Il reste encore à parler des amis de la cité. Pour ceux-là le portable a la même fonction qu'un survêtement Adidas. Vecteur de valorisation, car la possession est synonyme de pouvoir, le téléphone se veut de taille ultra réduite et bien sûr, en haut de la gamme. Et s'il est tombé d'un camion, c'est encore mieux !
A ceux-là il est vain de demander du respect, ils n'en n'ont que pour eux-mêmes et pour ceux de leurs semblables qui sont plus imposants qu'eux. Sur cette catégorie de gens, on touche à un problème qui tient de l'oxymore. En effet, le mobile est l'outil de reconnaissance sociale, mais il convient d'en réduire la taille et d'éviter de le porter à la ceinture. Car l'exhiber est le privilège du blaireau, du beauf', du Jacky...
Mais voilà, si le regard des autres vous effraie à ce point, pourquoi vous déguiser en médecin (tous vêtements blancs) et vous visser une casquette sur le crâne, quand ce n'est pas une feuille de salade (l'ignoblissime bob) que vous vous enfoncez jusque sur le nez ?

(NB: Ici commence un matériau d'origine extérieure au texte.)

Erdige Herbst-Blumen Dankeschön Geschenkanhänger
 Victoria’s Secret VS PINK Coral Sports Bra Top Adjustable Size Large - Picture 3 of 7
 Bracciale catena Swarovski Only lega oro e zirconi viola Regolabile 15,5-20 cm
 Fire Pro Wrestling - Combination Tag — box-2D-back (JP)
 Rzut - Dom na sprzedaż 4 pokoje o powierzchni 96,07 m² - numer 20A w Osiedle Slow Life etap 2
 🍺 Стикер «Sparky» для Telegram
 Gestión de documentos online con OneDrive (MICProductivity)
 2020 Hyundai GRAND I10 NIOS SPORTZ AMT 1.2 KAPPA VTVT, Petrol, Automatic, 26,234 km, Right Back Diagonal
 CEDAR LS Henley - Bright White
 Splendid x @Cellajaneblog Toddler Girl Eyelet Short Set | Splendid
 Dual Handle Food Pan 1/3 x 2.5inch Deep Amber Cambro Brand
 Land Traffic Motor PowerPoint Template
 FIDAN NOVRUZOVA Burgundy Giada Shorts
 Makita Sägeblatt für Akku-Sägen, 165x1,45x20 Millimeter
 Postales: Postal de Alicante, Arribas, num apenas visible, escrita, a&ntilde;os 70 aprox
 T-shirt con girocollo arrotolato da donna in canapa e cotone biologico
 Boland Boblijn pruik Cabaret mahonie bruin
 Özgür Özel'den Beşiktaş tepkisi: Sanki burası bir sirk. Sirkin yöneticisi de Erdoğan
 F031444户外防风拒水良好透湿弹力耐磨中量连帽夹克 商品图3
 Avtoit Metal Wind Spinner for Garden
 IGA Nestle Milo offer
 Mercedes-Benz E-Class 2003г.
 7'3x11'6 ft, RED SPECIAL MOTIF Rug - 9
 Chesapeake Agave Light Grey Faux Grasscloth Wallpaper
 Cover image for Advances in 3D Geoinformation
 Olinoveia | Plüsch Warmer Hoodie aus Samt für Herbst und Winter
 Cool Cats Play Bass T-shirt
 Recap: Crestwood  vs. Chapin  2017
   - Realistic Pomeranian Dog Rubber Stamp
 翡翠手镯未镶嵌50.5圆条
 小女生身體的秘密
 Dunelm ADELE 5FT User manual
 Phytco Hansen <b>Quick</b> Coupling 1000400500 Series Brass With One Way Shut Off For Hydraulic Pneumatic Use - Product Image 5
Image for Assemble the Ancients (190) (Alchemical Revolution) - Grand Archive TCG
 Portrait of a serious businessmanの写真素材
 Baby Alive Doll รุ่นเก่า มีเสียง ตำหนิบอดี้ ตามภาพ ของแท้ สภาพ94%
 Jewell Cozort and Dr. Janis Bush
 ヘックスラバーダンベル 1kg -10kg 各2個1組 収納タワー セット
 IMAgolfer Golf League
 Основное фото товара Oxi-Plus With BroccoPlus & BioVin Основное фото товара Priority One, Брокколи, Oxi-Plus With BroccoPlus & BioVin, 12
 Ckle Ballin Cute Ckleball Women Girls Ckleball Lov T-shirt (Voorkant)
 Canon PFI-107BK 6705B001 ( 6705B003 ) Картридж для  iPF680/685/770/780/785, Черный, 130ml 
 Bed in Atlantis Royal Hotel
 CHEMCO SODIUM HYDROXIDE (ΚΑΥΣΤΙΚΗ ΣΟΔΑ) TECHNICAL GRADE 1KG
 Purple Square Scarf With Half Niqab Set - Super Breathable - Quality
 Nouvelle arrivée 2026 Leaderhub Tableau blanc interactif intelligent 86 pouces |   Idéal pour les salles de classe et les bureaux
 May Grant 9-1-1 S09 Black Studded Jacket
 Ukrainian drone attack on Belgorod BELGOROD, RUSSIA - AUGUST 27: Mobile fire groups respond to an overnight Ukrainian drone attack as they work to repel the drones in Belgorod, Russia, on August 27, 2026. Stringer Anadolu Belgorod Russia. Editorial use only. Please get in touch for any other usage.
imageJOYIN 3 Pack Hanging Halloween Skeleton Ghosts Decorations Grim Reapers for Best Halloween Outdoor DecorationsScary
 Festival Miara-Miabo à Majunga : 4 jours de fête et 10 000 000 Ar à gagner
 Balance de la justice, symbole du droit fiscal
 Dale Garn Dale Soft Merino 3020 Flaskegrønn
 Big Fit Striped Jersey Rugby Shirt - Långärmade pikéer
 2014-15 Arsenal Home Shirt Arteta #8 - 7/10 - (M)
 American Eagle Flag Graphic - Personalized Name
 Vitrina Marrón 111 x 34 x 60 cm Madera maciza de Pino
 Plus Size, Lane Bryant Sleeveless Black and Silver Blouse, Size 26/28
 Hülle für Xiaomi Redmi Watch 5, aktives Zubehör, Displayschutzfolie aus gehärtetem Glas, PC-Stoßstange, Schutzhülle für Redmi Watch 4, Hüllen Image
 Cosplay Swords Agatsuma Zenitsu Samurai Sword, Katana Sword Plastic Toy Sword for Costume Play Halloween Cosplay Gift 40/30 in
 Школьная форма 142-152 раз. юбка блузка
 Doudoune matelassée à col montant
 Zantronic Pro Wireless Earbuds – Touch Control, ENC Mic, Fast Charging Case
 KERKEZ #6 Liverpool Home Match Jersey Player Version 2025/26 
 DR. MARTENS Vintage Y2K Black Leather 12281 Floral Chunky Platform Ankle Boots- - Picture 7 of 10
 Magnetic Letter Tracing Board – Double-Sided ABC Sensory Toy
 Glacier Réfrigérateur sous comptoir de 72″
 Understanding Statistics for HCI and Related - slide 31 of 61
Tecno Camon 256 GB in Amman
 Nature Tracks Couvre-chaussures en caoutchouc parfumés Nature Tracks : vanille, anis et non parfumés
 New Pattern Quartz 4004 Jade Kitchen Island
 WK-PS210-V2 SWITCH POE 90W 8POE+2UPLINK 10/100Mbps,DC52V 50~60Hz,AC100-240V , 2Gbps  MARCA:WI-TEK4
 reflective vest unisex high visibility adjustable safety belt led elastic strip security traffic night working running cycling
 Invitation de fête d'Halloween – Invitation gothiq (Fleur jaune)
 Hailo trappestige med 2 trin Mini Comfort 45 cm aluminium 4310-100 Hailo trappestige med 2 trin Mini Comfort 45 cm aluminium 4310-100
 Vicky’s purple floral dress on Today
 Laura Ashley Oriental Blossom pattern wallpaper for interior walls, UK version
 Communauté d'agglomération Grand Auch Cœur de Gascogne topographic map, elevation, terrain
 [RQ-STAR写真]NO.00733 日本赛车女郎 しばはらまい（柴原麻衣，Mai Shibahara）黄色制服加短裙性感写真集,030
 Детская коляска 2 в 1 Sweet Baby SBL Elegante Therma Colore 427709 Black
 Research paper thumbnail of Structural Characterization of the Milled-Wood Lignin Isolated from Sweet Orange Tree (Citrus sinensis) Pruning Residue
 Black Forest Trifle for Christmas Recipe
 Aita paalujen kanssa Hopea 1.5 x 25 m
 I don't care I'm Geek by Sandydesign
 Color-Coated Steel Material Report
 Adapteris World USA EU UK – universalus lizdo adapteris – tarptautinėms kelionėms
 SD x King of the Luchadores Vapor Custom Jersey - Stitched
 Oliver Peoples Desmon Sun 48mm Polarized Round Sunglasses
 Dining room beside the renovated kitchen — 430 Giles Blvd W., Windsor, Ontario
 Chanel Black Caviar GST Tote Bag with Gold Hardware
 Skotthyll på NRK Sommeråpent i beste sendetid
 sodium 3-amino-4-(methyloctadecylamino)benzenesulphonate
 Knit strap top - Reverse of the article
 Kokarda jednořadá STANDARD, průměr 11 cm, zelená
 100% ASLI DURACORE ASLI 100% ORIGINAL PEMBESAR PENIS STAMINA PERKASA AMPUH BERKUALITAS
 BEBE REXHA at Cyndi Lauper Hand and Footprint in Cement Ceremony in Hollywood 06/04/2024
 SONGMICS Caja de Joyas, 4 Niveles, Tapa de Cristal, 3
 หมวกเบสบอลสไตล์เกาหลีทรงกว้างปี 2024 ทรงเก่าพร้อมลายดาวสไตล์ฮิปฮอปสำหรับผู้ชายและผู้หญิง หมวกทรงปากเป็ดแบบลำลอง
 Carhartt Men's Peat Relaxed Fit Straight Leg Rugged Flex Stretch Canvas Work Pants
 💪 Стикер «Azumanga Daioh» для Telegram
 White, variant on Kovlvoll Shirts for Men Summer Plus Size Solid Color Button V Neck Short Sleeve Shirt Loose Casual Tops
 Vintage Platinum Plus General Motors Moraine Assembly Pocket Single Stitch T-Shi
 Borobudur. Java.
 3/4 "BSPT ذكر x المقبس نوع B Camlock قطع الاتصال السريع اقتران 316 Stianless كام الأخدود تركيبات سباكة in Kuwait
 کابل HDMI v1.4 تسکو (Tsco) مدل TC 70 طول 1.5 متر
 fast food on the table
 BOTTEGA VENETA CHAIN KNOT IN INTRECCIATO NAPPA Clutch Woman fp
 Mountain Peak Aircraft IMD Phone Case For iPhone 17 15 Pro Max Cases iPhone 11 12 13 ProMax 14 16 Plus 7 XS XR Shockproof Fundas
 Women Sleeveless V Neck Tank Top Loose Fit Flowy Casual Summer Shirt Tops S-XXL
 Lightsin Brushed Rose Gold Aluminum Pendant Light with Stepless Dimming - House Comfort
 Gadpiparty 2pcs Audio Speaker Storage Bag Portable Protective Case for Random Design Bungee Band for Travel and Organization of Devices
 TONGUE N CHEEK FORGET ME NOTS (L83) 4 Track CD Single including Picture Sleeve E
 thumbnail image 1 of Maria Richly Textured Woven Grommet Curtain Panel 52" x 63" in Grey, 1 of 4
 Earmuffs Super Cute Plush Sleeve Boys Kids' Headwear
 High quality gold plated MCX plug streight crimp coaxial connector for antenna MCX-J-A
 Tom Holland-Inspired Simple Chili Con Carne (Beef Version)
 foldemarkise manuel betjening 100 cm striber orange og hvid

Vous ignorez la chance que vous avez, quand on rappelle que le ridicule ne tue pas. Si le grotesque était une guerre, vous seriez, au front, la première vague d'attaquants, une vague de grande qualité qui plus est.
Puis on verrait arriver en renfort les maniaco-communicatifs, couverts par les anti-portables cependant possesseurs de portable. Finalement on vit dans un monde pas très sérieux mais bourré d'humour. A-t-on déjà vu autant de gens, d'horizons si différents, se foutre délibérément de leur propre gueule et en redemander ?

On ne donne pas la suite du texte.